# TASK MATERIAL:
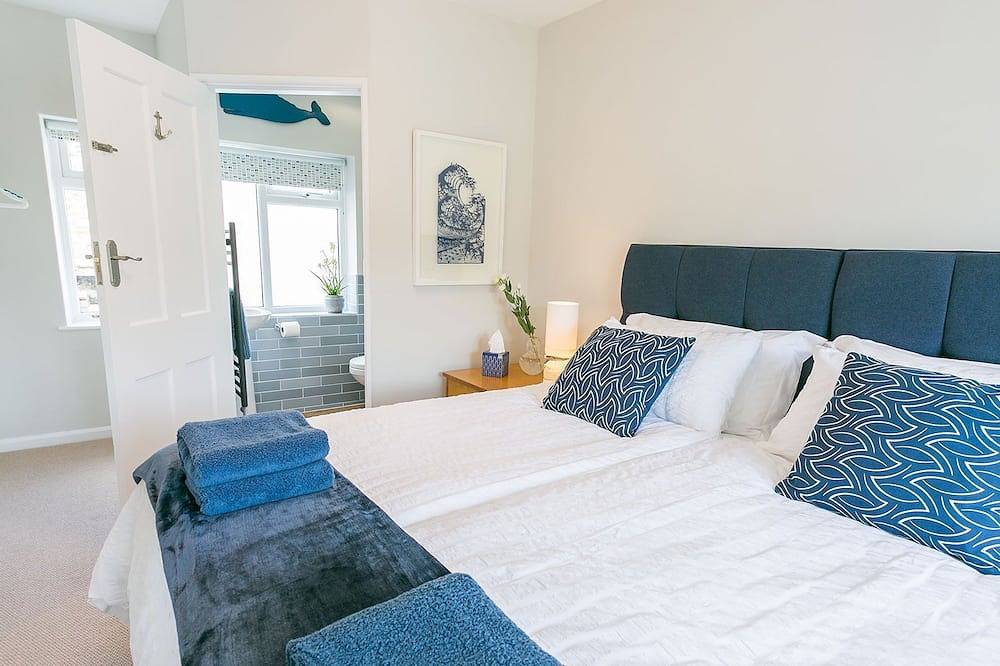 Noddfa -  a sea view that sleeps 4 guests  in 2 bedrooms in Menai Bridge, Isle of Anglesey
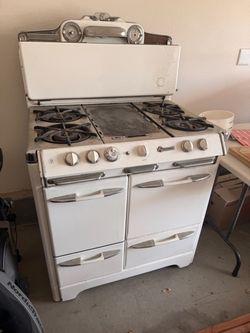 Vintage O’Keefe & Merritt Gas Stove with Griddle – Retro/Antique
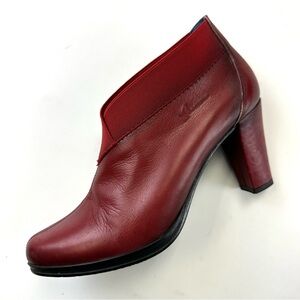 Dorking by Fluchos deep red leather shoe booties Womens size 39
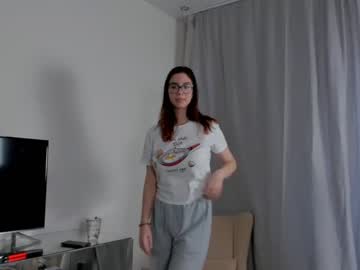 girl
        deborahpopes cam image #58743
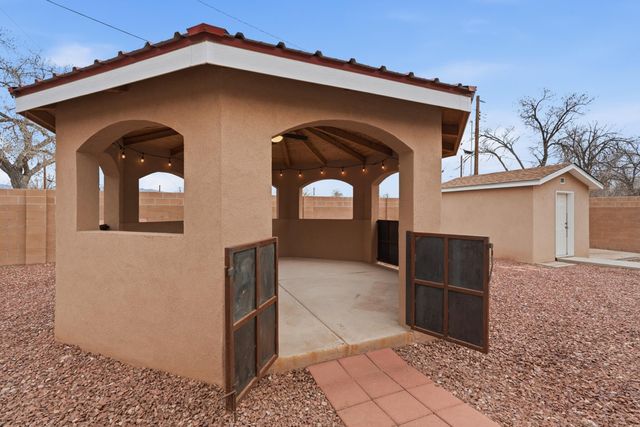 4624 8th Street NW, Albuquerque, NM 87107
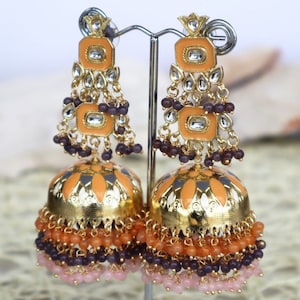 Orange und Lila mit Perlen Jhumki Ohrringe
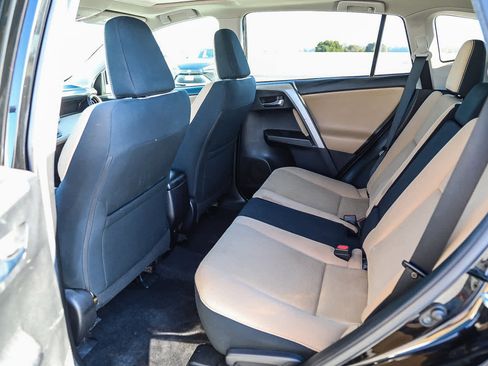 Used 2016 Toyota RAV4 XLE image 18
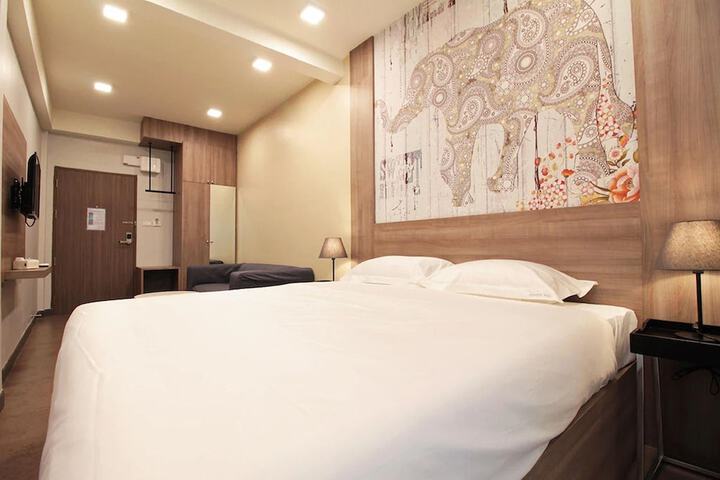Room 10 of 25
* * *
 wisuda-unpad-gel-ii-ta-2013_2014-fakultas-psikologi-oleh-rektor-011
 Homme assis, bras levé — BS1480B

# YOUR ASSIGNMENT:
In the entries above, find the line with "Dorking by Fluchos" and the line with "Room 10 of 25". Write out exactly those two lines and every line between them, pictures excluded.

# ANSWER BELOW:
 Dorking by Fluchos deep red leather shoe booties Womens size 39
 girl
        deborahpopes cam image #58743
 4624 8th Street NW, Albuquerque, NM 87107
 Orange und Lila mit Perlen Jhumki Ohrringe
 Used 2016 Toyota RAV4 XLE image 18
Room 10 of 25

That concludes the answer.